*** Opening Material shown ***

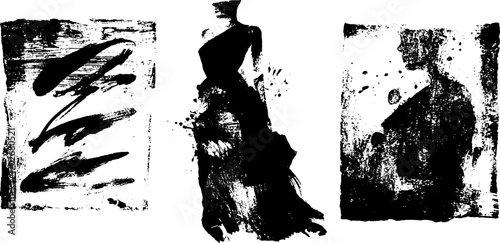 Abstract black ink silhouette art with textured collage and raw edges
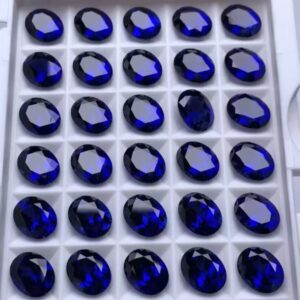 375#20.2 carats Laboratory cultivation of sapphire, royal blue ribbon, cotton wool, sapphire, natural cutting surface, bare stone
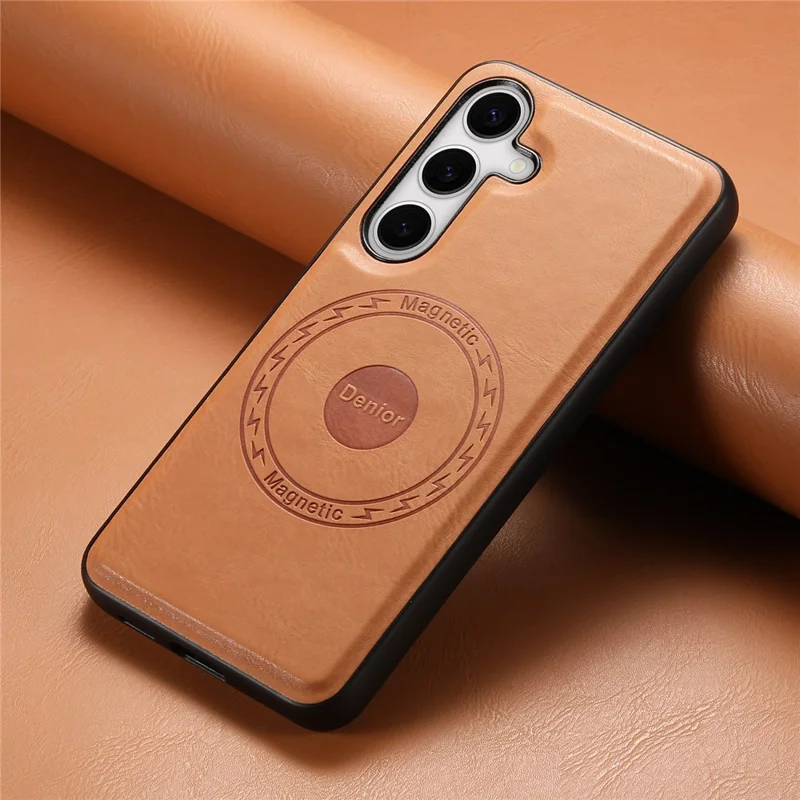 DENIOR For Samsung Galaxy S24+ Case Cowhide Texture Magnetic Phone Cover - Khaki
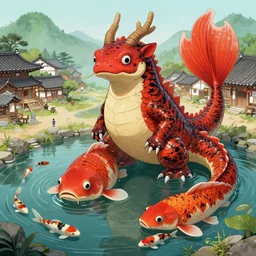 game character beautiful giant kaiju sized pond dragon half fish half salamander, wet amphibious skin, red salamander, axolotl creature, koi pond, korean village by Ruan Jia and Gil Elvgren, fullbody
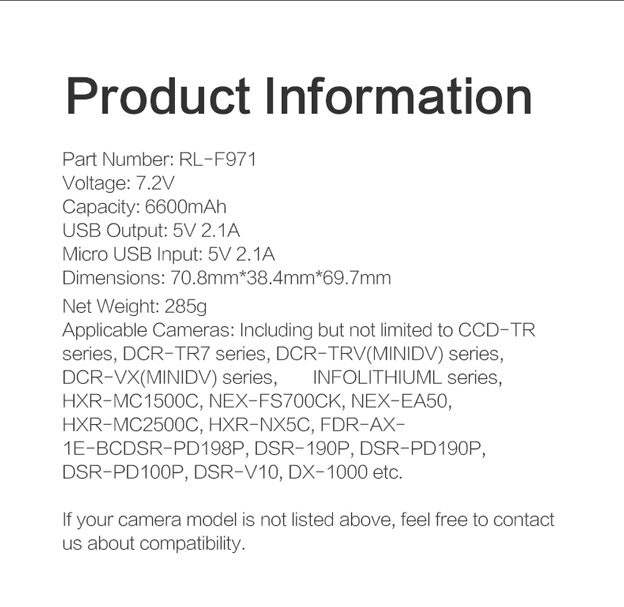 ROLUX YC-F971 battery for Sony NP-F series, 6600mAh, USB in/out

*** Closing Material shown ***

> **Task to complete**:
With every picture left out, print exactly the lines from the one containing "game character beautiful" through the final line of the material above.

> **Answer**:
 game character beautiful giant kaiju sized pond dragon half fish half salamander, wet amphibious skin, red salamander, axolotl creature, koi pond, korean village by Ruan Jia and Gil Elvgren, fullbody
 ROLUX YC-F971 battery for Sony NP-F series, 6600mAh, USB in/out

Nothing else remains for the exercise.